DATASET CONTENT:
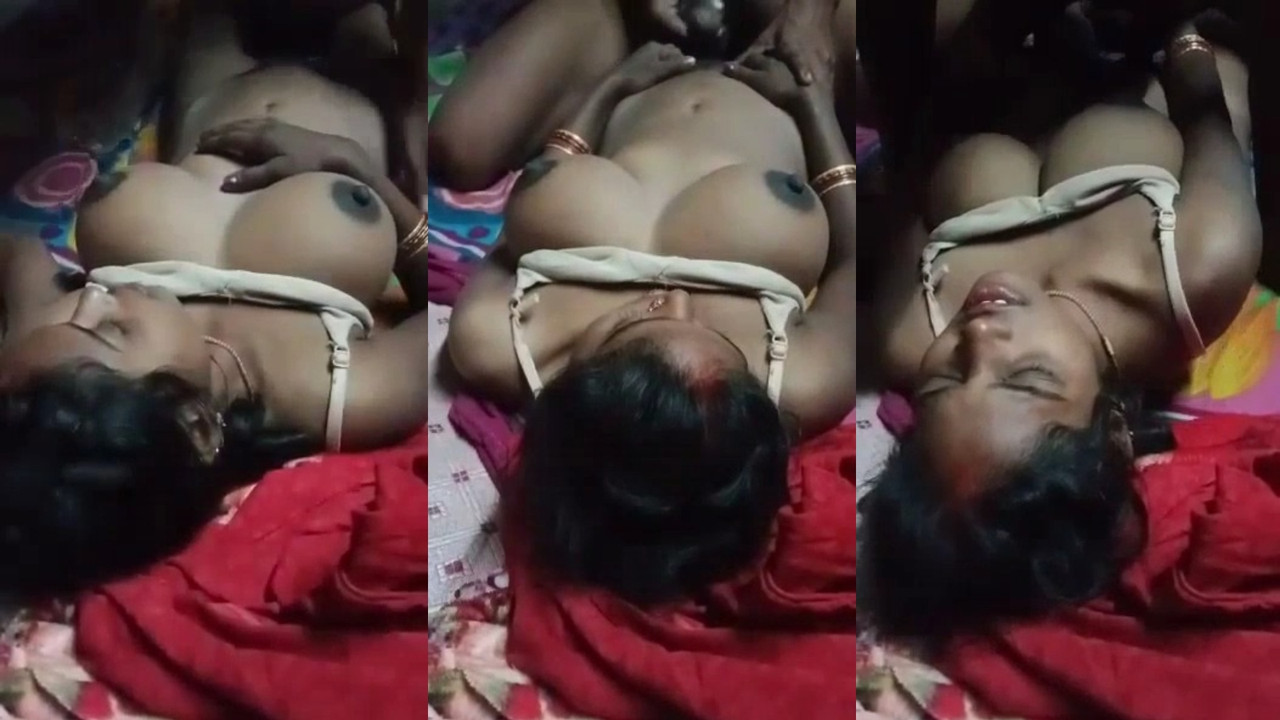 Tamil sex fsi
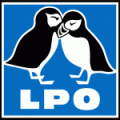Logo-LPO-150x150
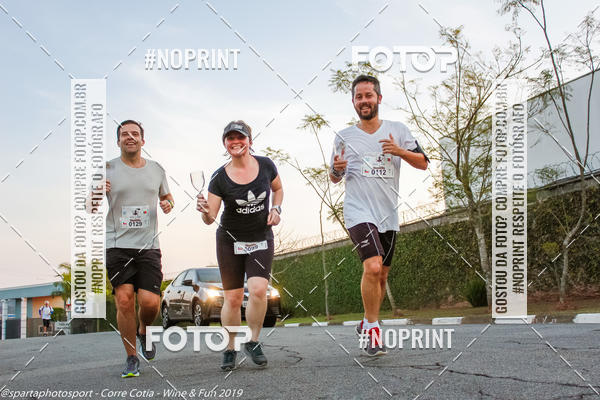 Buy your photos of the eventCorre Cotia - Wine & Fun 2019 on Fotop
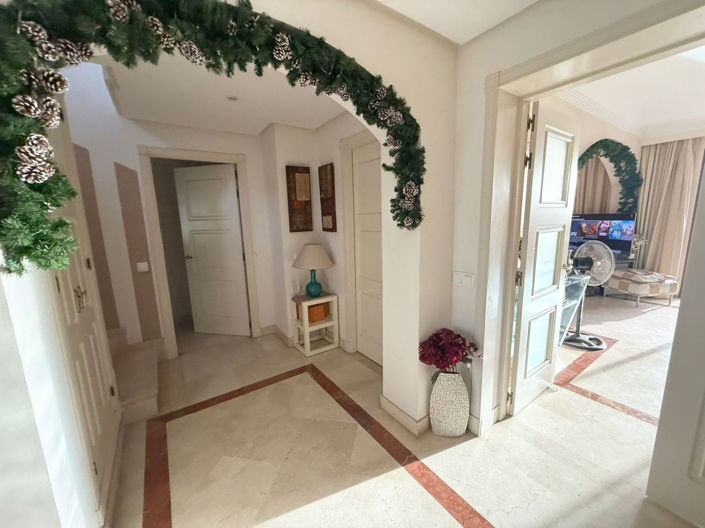 Image No.9-3 Bed Penthouse for sale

TASK TO COMPLETE: Give back exactly the lines from the one that contains "Buy your photos" to the final line of the data above, both included, with all pictures removed.

EXERCISE RESPONSE:
 Buy your photos of the eventCorre Cotia - Wine & Fun 2019 on Fotop
 Image No.9-3 Bed Penthouse for sale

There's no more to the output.